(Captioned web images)
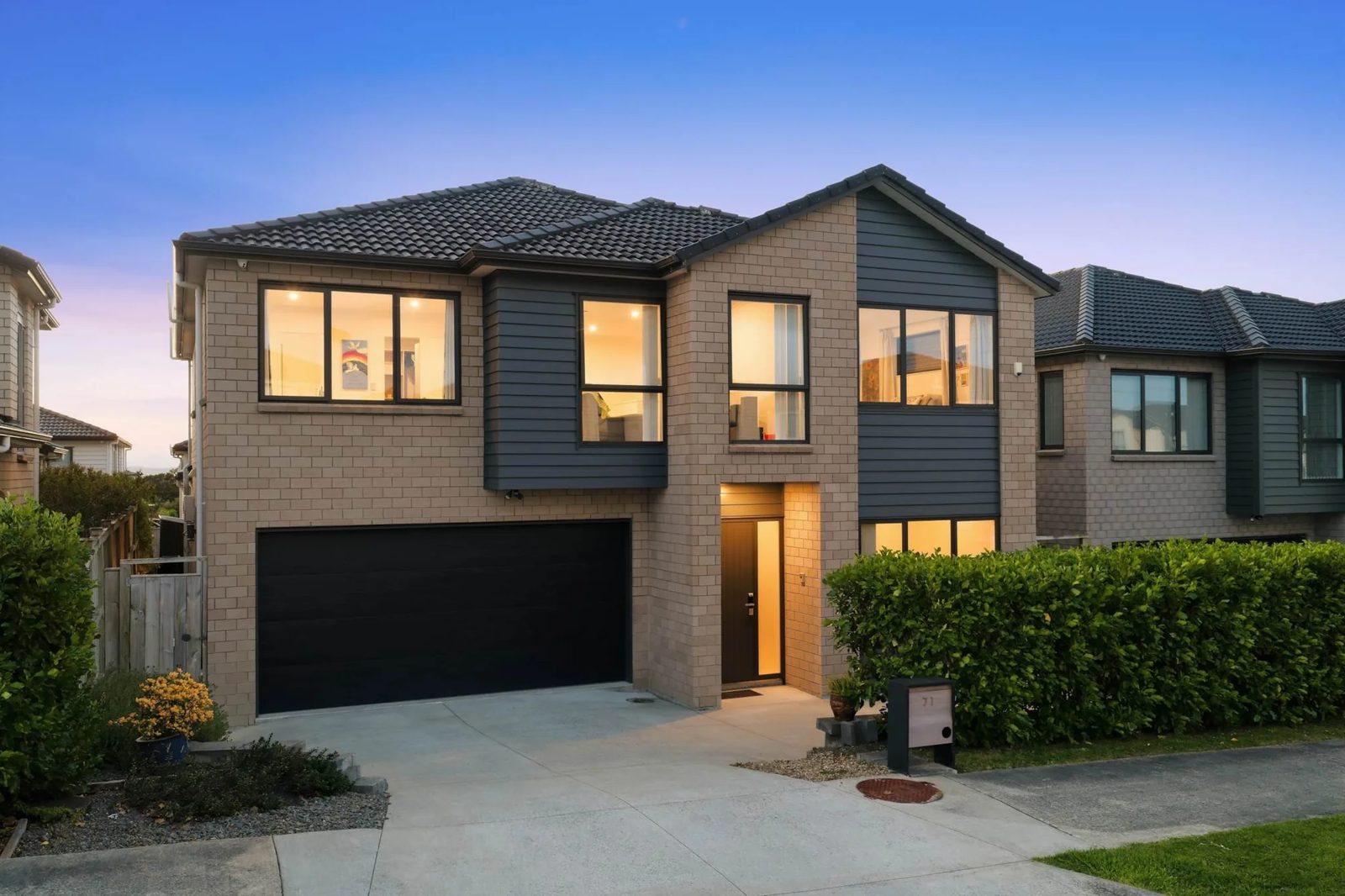 71 Drumbuoy Drive, Flat Bush, photo 1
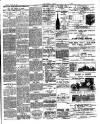 Worthing Gazette Wednesday 06 February 1907 Page 7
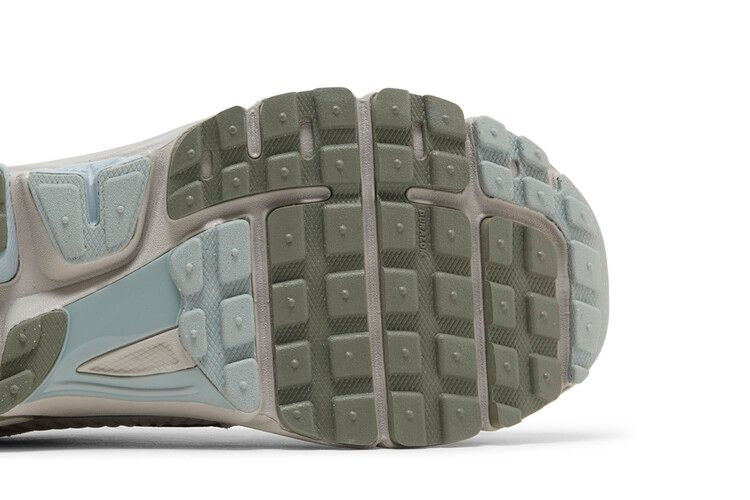 Nike Air Zoom Vomero 5 'Light Orewood Brown'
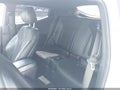 2020 Hyundai Veloster — photo 8 of 16 | VIN KMHTG6AF8LU028443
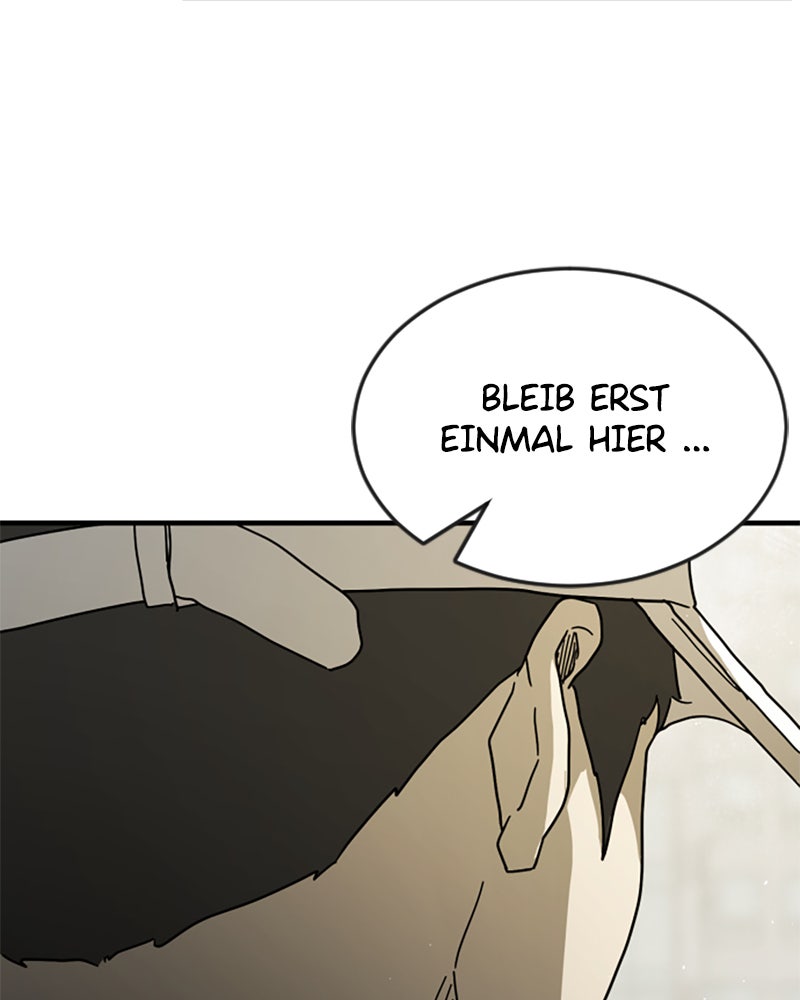 Read Eines Tages in Seoul Manga Online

Goal of the exercise
Retype each record exactly as it appears above and drop the images.

Exercise response
 71 Drumbuoy Drive, Flat Bush, photo 1
 Worthing Gazette Wednesday 06 February 1907 Page 7
 Nike Air Zoom Vomero 5 'Light Orewood Brown'
 2020 Hyundai Veloster — photo 8 of 16 | VIN KMHTG6AF8LU028443
 Read Eines Tages in Seoul Manga Online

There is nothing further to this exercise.